Sepsis is an illness characterized by high morbidity and mortality, accounting for 1 in 3 hospital deaths, affecting 1 - 3 million adults in the US every year. Among sepsis cases, approximately 12% are complicated by the incidence of hyperglycemia, a condition that is associated with worsened outcomes including higher mortality. Prior work in our lab has shown the association between the provision of early enteral nutritional support with attenuated inflammatory responses, preservation of euglycemia through heightened insulin sensitivity, and improved mean arterial blood pressure in a mouse model of LPS-induced endotoxemia. As this is a sterile and some would argue, unrealistic model of sepsis, the aim of this study was to see if these results could be observed in a bacteremic model of sepsis, with a focus on mortality as one of the primary outcomes.
Ten week old male B6 mice were infected with K. pneumoniae (strain ATCC 43816 2x104 CFUs) via oropharyngeal aspiration after implantation of catheters in the femoral artery and femoral vein or stomach. 24hr. post infection, mice were started on low-level infusions of either intravenous dextrose, enteral dextrose, or enteral saline. Blood was sampled at 24hr. intervals.
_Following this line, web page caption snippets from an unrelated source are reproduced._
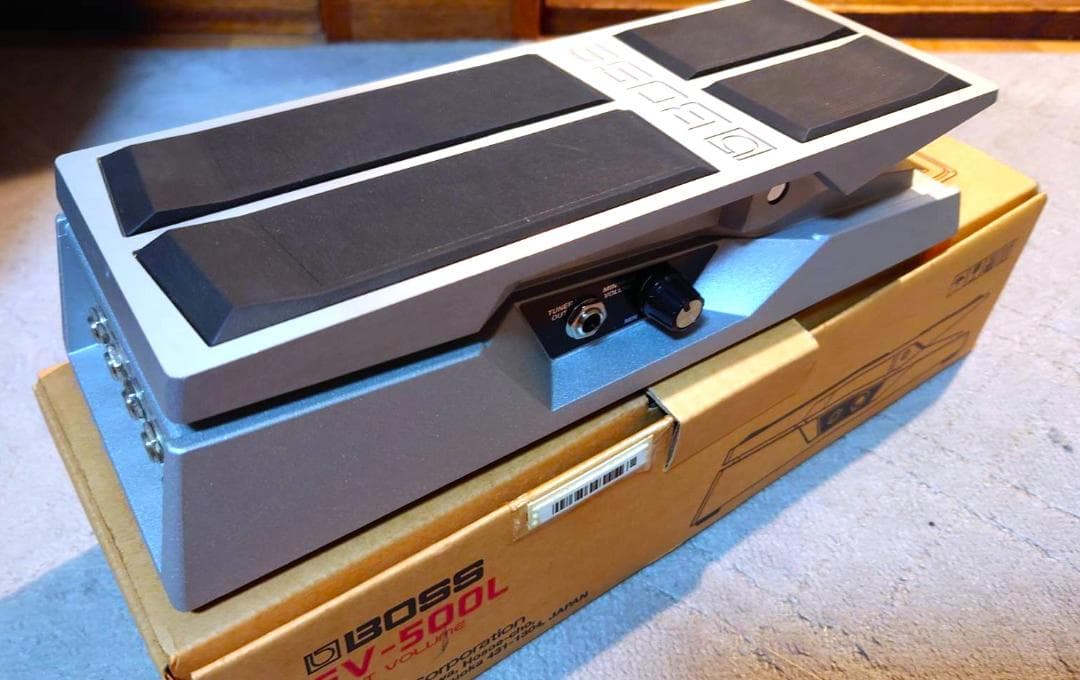 【美品】BOSS FV-500L ボリュームペダル 動作確認済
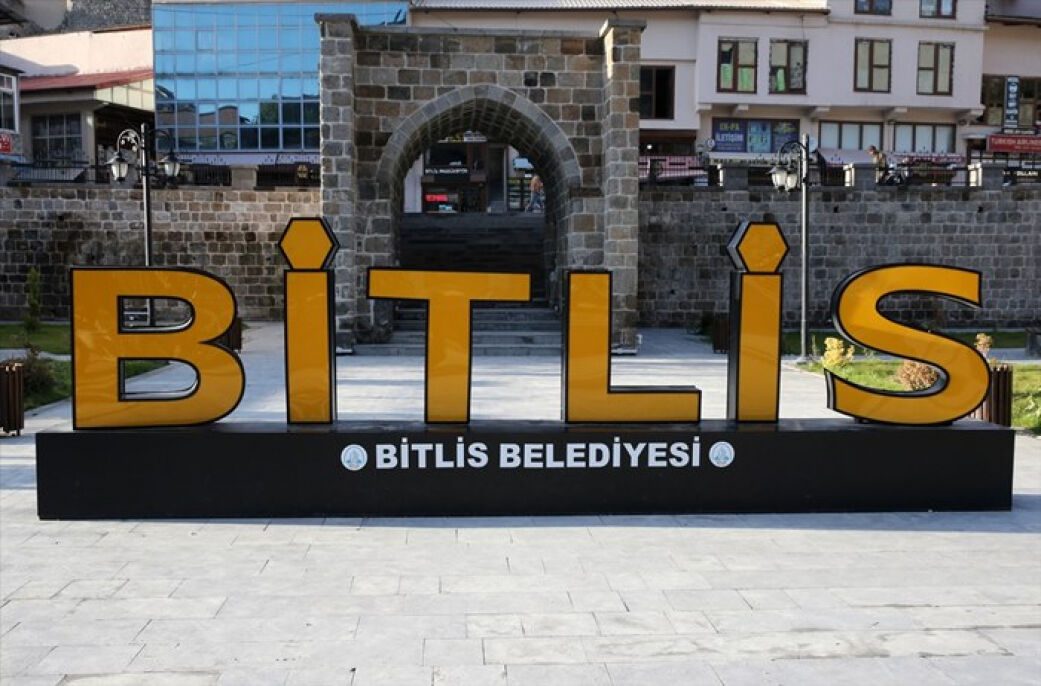 Bitlis'in tarihi dokusu "Dere Üstü Kentsel Dönüşüm Projesi" ile ortaya çıkarılıyor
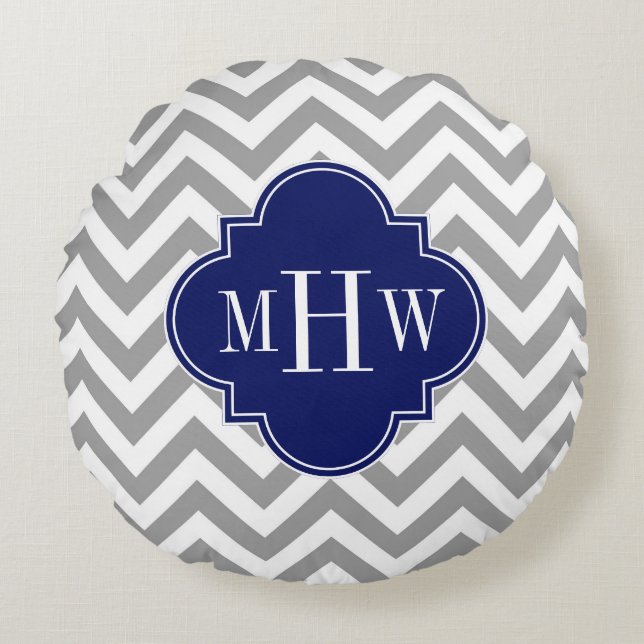 Dk Grått Lg Chevron Navy Quatrefoil 3 Monogram Rund Kudde (Framsidan)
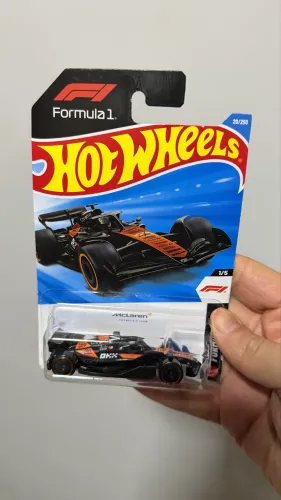 2 Hot wheels 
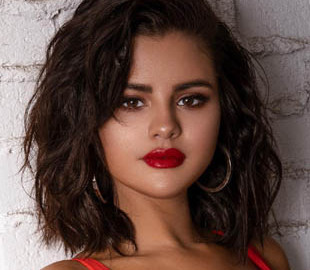 Примите меры: певица Селена Гомес лично написала руководству Facebook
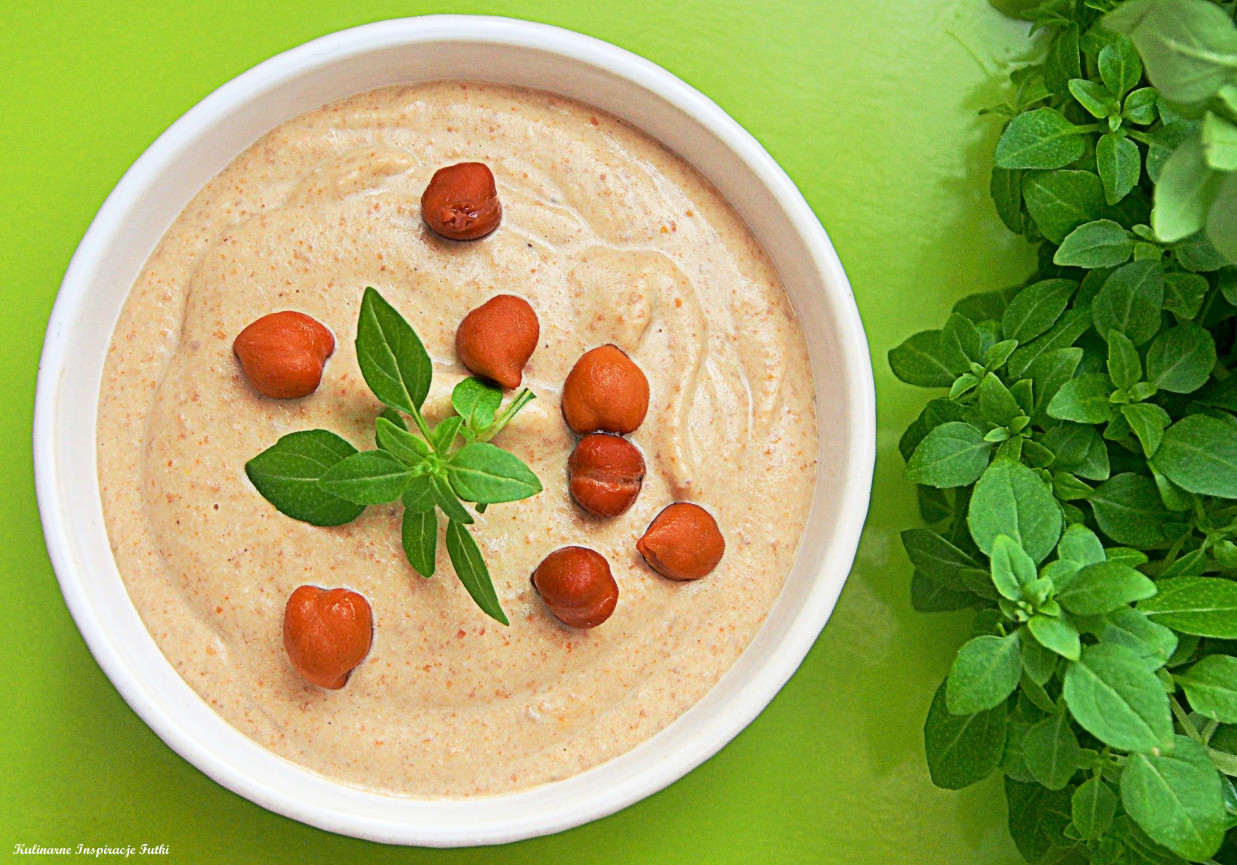 Hummus z ciemnej ciecierzycy (Kala Chana Hummus) foto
Mice were sacrificed when blood pressure fell below 61mmHg for at least an hour, or at 72hr. post infection. BAL and tissue samples were then collected.
At 72hr., mice receiving enteral dextrose had a mortality rate of 27%, compared to 78% in the enteral saline group and 100% in the IV dextrose group. Mice receiving enteral dextrose also maintained euglycemia and cardiovascular homeostasis for the duration of the experiment, compared to IV dextrose mice who became hyperglycemic and hypotensive and enteral saline mice who trended towards hypoglycemia and hypotension. Metrics of inflammation and lung injury were also significantly different between groups in some outcomes.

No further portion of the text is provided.